Christopher J. Larsen studies applied analysis and materials science. Currently, he is captivated by research in the field of fracture mechanics, particularly with predicting crack sets in physical materials. “These surfaces,” says Larsen, “should solve some sort of mathematical problem.” Figuring out what that problem is, showing that there exist solutions, and understanding those solutions, have been at the center of Larsen’s recent research.

His general research interests include partial differential equations, geometric measure theory, and the calculus of variations. Geometric measure theory suits his temperament because he thinks geometrically, but it also fascinates him because it allows one to view, in a powerful way, surfaces as measures, which in some ways makes them much easier to study. Using geometric measure theory to analyze surfaces can be tricky, says Larsen, because the benefits gained by using it also introduce losses. For example, he says, “What started as a sequence of surfaces might not converge to a surface. So you get something by considering them to be measures, but you lose something. The fact that you’re dealing with a surface can be lost.”

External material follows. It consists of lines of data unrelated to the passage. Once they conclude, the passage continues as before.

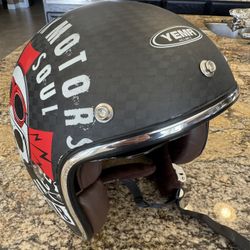 Yema Free Soul open-face motorcycle helmet with a skull graphic - LG 59-60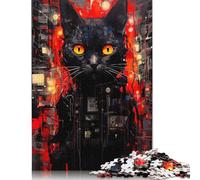 Jigsaw Puzzles for Adults 500 Pieces Cyberpunk Abstract Cat Jigsaw Puzzle Adult Woodenboard Puzzles Brain Teaser Puzzles For Adults And Teenagers 500pcs (52x38cm)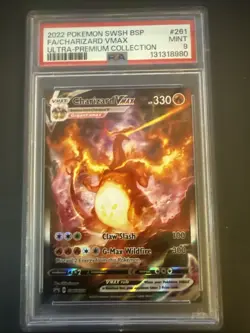 2022 POKEMON SWSH BLACK STAR PROMO #261 FULL ART/CHARIZARD VMAX PSA 9 - Image 1
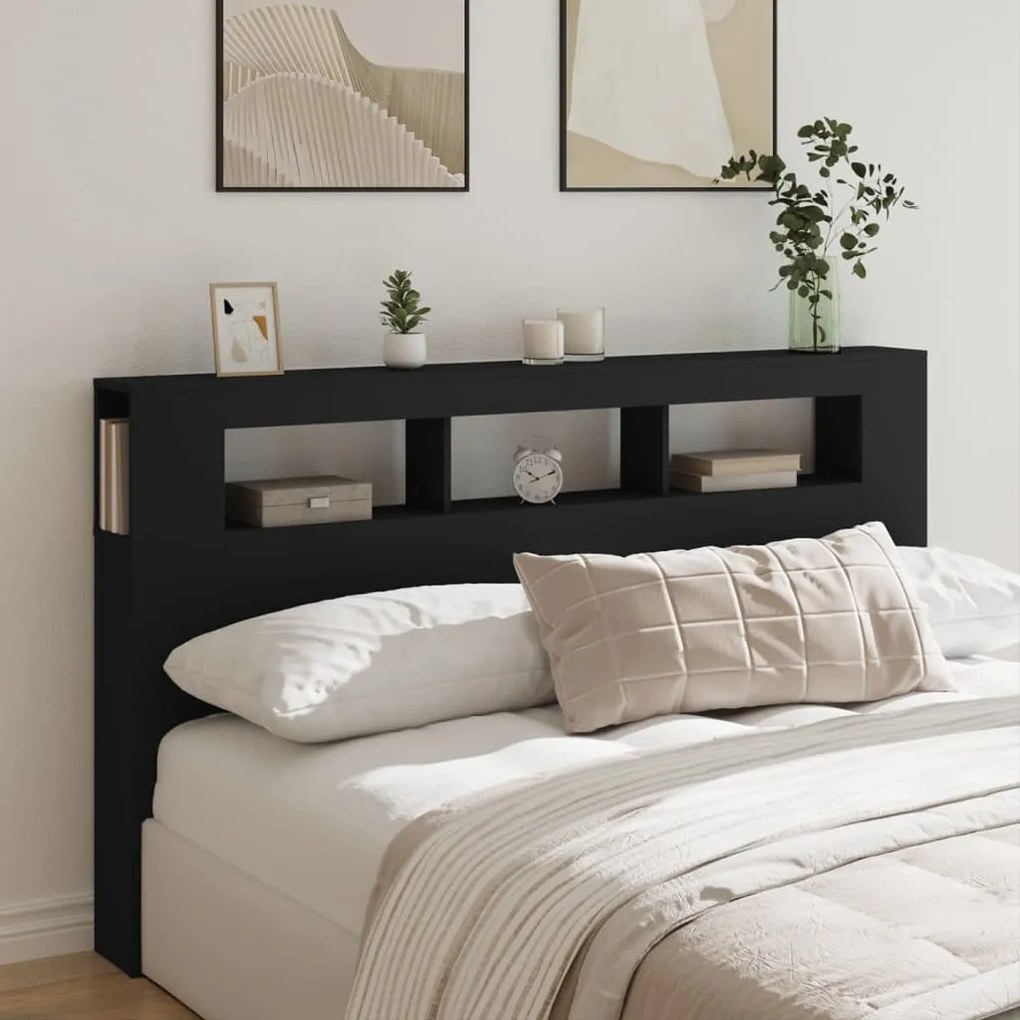 Cabeceira cama c/ LEDs 180x18,5x103,5 cm deriv. madeira preto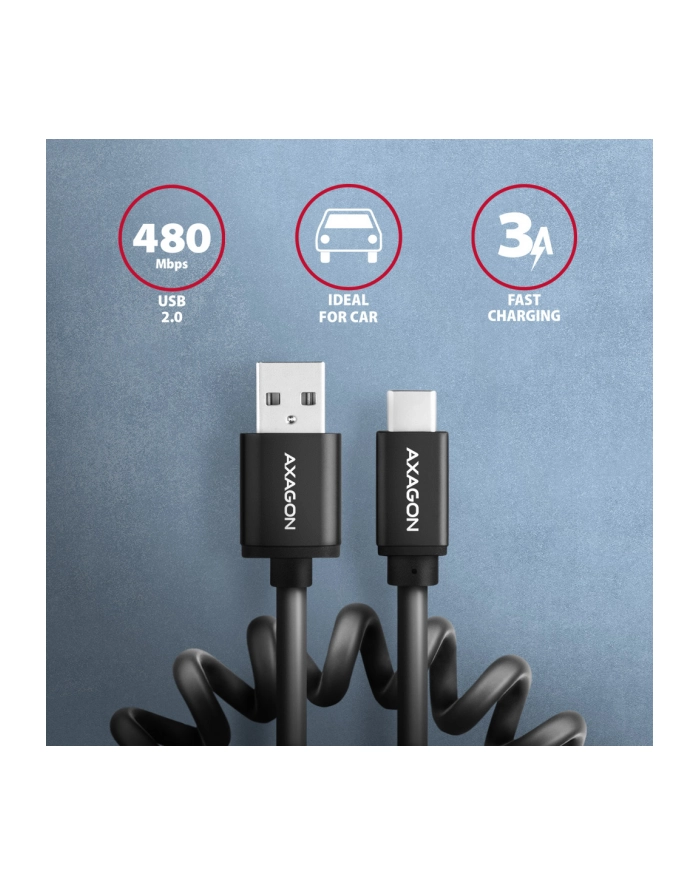 axagon BUCM-AM10TB Kabel Twister USB-C   USB-A, 0,6m, USB 2.0, 2.4A, ALU, PVC Czarny główny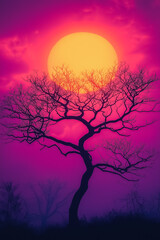 Wall Mural - A tree is silhouetted against a pink and orange sky with a large sun. The sky is filled with clouds, and the sun is setting. Scene is serene and peaceful, with the tree standing tall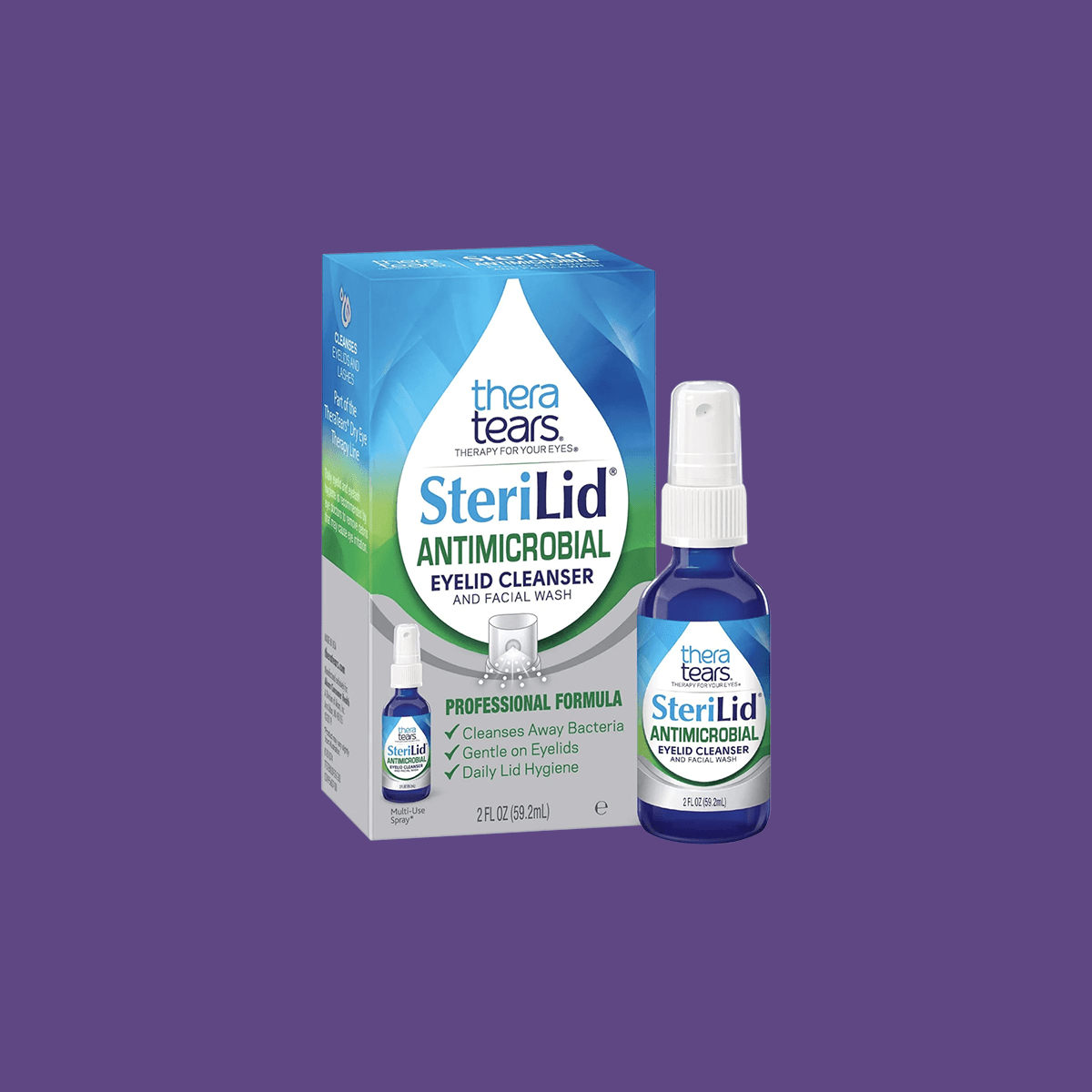 TheraTears SteriLid Eyelid Cleanser and Face Wash, for irritated eyes, (2 fl oz Spray) - Dryeye Rescue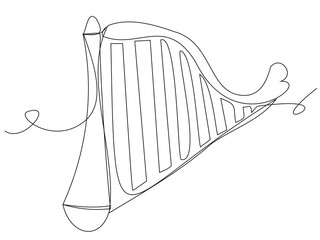 Musical harp in one line on a white background. Vector illustration of a stringed instrument for playing a pleasant melody. Stock image with a symbol of culture and aristocracy.
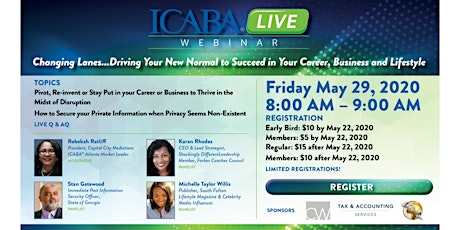 ICABA LIVE-Changing Lanes…Driving Your New Normal to  Succeed in Your Career, Business and Lifestyle primary image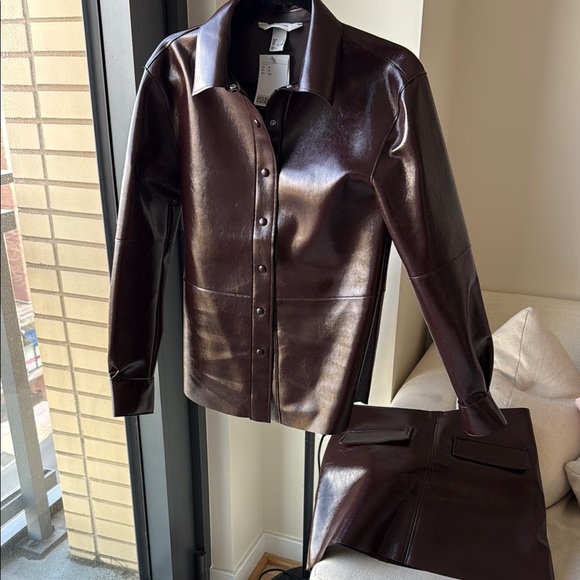 H&M Tops - Coffee 2 piece faux leather skirt set H&M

From a mathematical point of view, the field of fracture mechanics began to take its current shape in the 1990s. Before then, “it wasn’t at all clear what the right problems were.” A model based on globally minimizing energy was proposed in the late 1990s, and Larsen was recruited to work on a specific question that had been a sticking point in attempts at proving that the model was reasonable -- that there exist solutions. After tackling this, Larsen became hooked on improving the underlying problems, or models, in a way that still allowed existence to be shown. This involves replacing global minimization with local minimization, and then replacing minimization with dynamics.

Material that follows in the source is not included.